Written by Alan Moore.
Illustrated by Jacen Burrows.
Avatar Press, 2010.
This book is several things.
It is a kinky H.P. Lovecraft worshiping Cthulhu Mythos pulp story, with endless name checks. It is a raw, meaty slab of new Alan Moore story. It is a meta-narrative that discusses the possibilities of linguistic based psychedelic experience. It is some high concept, dark science fiction short story. It was a piece of work made to pay off Alan Moore’s tax bill.
In my opinion all of those statements are true. This is an example of why Alan Moore is a master craftsman. The panel layouts, pacing and dialogue are top notch. Burrows’ art is excellent. The ideas that are at work here are intellectually rewarding and inventive. The stories mirror the Weird Tales formula that they are based on, down to the morbid endings that push the indescribable horror by just showing their effects, their aftermath.
This book collects issues 1-4 of the Neonomicon series as well as the color version of a one shot titled The Courtyard that was published back in 2003. The collection clocks in at 176 pages.
The first story, The Courtyard, follows a special investigator with a special talent for anomaly theory: the connection of seemingly unrelated events to recognize the especially hidden patterns in them. He becomes too deeply immersed in his investigation of a series of seemingly isolated ritual murders with very specific and horrid details. He goes on the trail of a special drug that he believes to be the key connecting all of these murders. The drug turns out to be a language, the Aklo language, which can produce terrifying hallucinations that change one forever. Bad things happen as a result of his experience of the Aklo trip, produced courtesy of a yellow veil-wearing weirdo with a lisp.
Neonomicon continues the investigation with a pair of special agents, a white female and a black male. Working to uncover just what drove the previous agent off the deep end, first they bust a punk rock club that has an Aklo connection, then they investigate a Cthulhu specialty store that has a backroom of sex toys that would scare away the most jaded of porn stars. From there they infiltrate a bizarre sex cult and the really bizarre starts to happen.
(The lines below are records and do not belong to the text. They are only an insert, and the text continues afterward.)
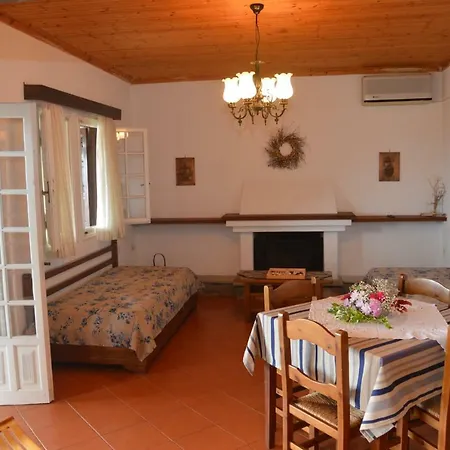 Triantafyllia's House * Agios Ioannis (Thessaly)
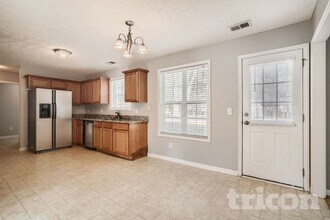 218 Hickory Branch Dr in Acworth, GA - Building Photo - Building Photo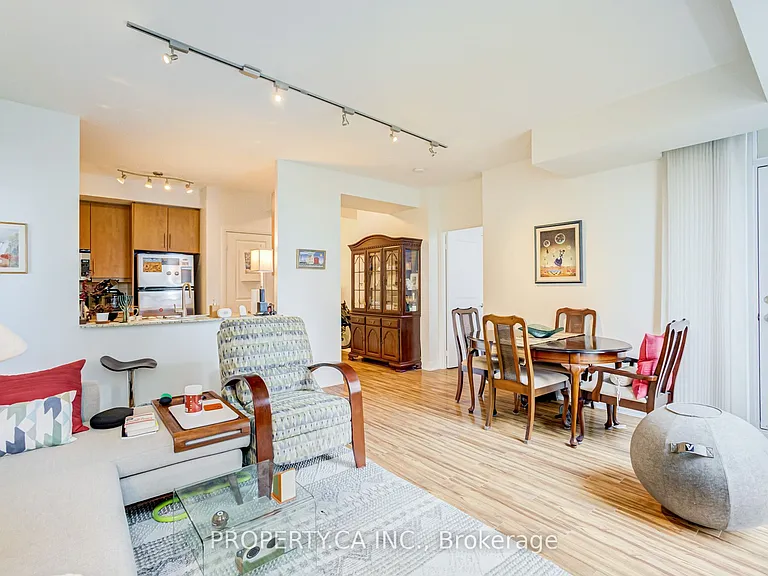 88 Broadway Ave #1407 — Photo 6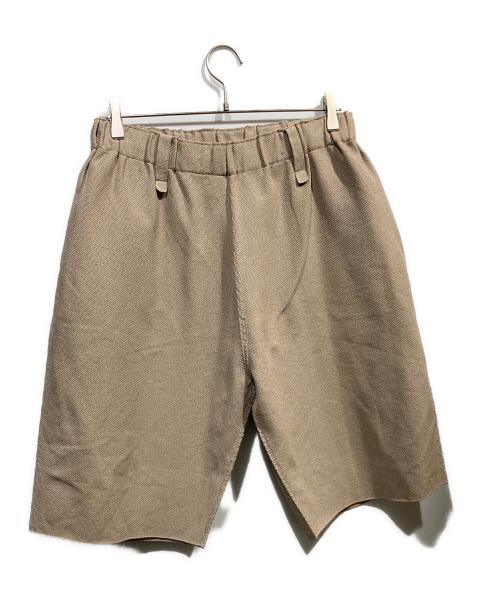 HOME PLISSE ISSEYMIYAKE（イッセイミヤケ）HOME PLISSE ISSEYMIYAKE (イッセイミヤケ) INLAID KNIT ハーフパンツ ベージュ サイズ:FREEの古着・服飾アイテム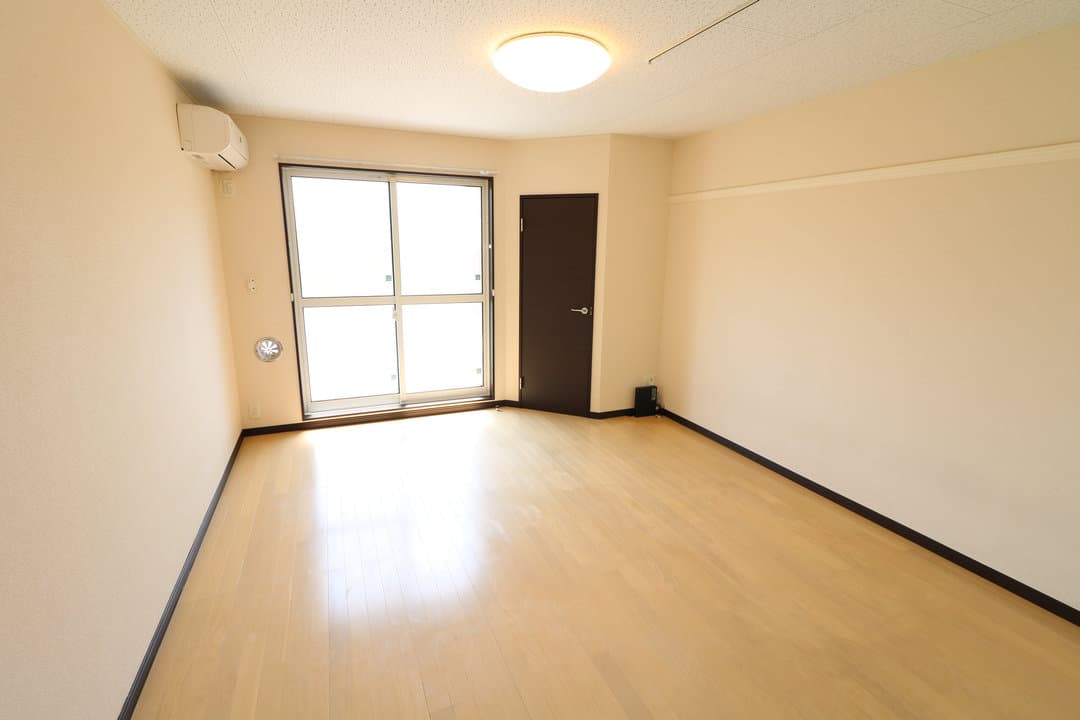 Room image 15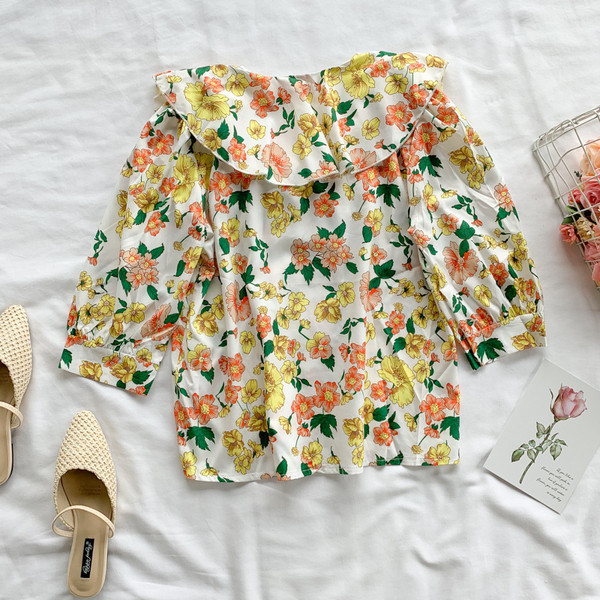 Μοντέρνα γυναικεία μπλούζα με κουμπιά και φυτικά μοτίβα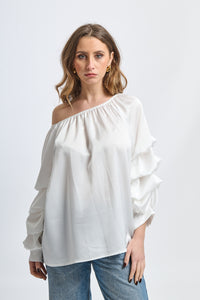 Blusa bianca in seta, spalle scoperte, maniche volanti, atmosfera luminosa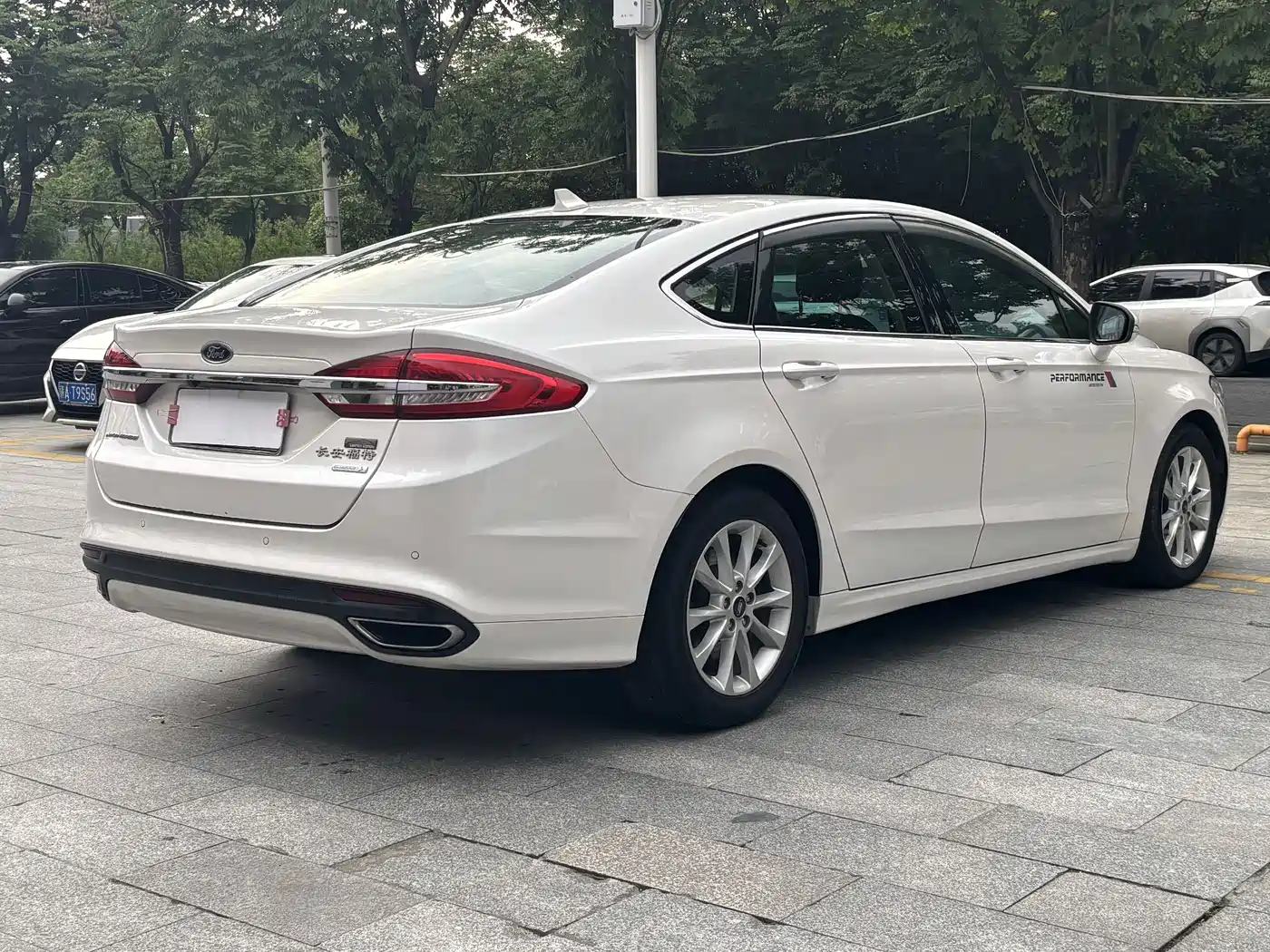 FORD MONDEO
This is an adult book, obviously. The heavy amount of Cthulhu mythos references here is incredible. There are several on every page. What is most striking is that the story treats the mythos as a literary phenomenon just as it is in the real world. The story is not located in some world where the mythos things are a functioning reality. The story is instead set in our world with the same questions about the reality of these mythos forces that have been raised by Kenneth Grant or George Hay. In fact, in the scene that takes place in the mythos specialty store/secret sex shop, the female agent picks up a copy of Kenneth Grant’s The Magical Revival where Burrows has actually taken the time to draw the book’s actual cover. Burrows also lends his considerable talents to the construction of the strange sex toys that are featured in the back of the sex shop. Even S. T. Joshi’s (a Lovecraft scholar) biography is seen at the end of the story.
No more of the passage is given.